- Born: 2 April 1985 (age 40) Sao Carlos, Sao Paulo, Brazil
- Team: Alliance Jiu Jitsu
- Rank: 4th degree black belt in Brazilian Jiu-Jitsu

= Michael Langhi =

Brazilian Jiu-Jitsu practitioner

Michael Langhi (born 2 April 1985) is a Brazilian Jiu Jitsu (BJJ) World Championship Champion and World No-Gi Championship Champion. Langhi is one of a select group of fighters to have won all 4 major Gi Championships more than once – World Championship x3, European Open Championship x6, Pan Jiu-Jitsu Championship x2 and Brazilian Nationals Championship x4.

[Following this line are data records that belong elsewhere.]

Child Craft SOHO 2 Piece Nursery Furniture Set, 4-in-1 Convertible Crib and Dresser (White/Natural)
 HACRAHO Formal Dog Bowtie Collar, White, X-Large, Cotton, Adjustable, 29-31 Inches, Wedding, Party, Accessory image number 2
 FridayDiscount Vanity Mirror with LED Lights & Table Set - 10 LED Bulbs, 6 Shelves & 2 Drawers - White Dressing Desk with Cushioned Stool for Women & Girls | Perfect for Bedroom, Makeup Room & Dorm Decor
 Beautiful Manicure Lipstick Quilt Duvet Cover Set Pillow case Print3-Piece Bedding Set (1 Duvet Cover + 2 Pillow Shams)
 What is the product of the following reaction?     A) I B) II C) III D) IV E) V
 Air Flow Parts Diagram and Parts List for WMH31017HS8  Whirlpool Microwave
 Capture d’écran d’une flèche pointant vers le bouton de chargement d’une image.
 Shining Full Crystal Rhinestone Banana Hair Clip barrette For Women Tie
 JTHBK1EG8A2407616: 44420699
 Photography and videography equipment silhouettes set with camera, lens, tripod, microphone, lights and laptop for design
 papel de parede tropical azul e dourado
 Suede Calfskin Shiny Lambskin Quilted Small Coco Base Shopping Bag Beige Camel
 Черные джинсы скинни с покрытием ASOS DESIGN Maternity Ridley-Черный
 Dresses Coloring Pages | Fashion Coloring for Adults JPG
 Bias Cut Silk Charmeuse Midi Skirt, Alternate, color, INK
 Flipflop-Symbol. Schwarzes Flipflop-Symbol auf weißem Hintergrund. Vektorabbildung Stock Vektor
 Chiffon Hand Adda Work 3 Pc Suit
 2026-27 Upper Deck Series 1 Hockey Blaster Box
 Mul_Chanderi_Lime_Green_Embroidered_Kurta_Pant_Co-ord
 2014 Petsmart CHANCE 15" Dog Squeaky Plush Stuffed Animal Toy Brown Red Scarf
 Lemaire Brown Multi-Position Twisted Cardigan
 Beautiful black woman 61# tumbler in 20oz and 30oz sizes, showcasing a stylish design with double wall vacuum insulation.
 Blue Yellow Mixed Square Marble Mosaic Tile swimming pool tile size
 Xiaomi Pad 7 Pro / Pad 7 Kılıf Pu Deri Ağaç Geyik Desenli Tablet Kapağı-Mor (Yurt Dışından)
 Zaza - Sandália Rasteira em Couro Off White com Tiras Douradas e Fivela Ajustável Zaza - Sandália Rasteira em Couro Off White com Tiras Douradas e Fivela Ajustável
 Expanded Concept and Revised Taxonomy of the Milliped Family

Langhi began training in 2002 under Rubens Charles at his academy in Sao Carlos. Prior to receiving his Black Belt Langhi was also a multiple World Champion at Blue, Purple and Brown Belt level. In 2009 Langhi was awarded the best Jiu Jitsu Competitor of the year award. Jiu Jitsu talent runs in the family as his brother Michel Langhi is also a multiple IBJJF World Champion.

Langhi retired from competition during the 2019 IBJJF World Championships.

He is the CEO at the 13x World Champions Alliance Jiu Jitsu Club in Sao Paulo where he teaches alongside 7th degree Red and Black Belt Mestre Fabio Gurgel and trains alongside numerous multiple world champions. He has also given seminars throughout Brazil and around the World in countries like Finland the UK and Croatia.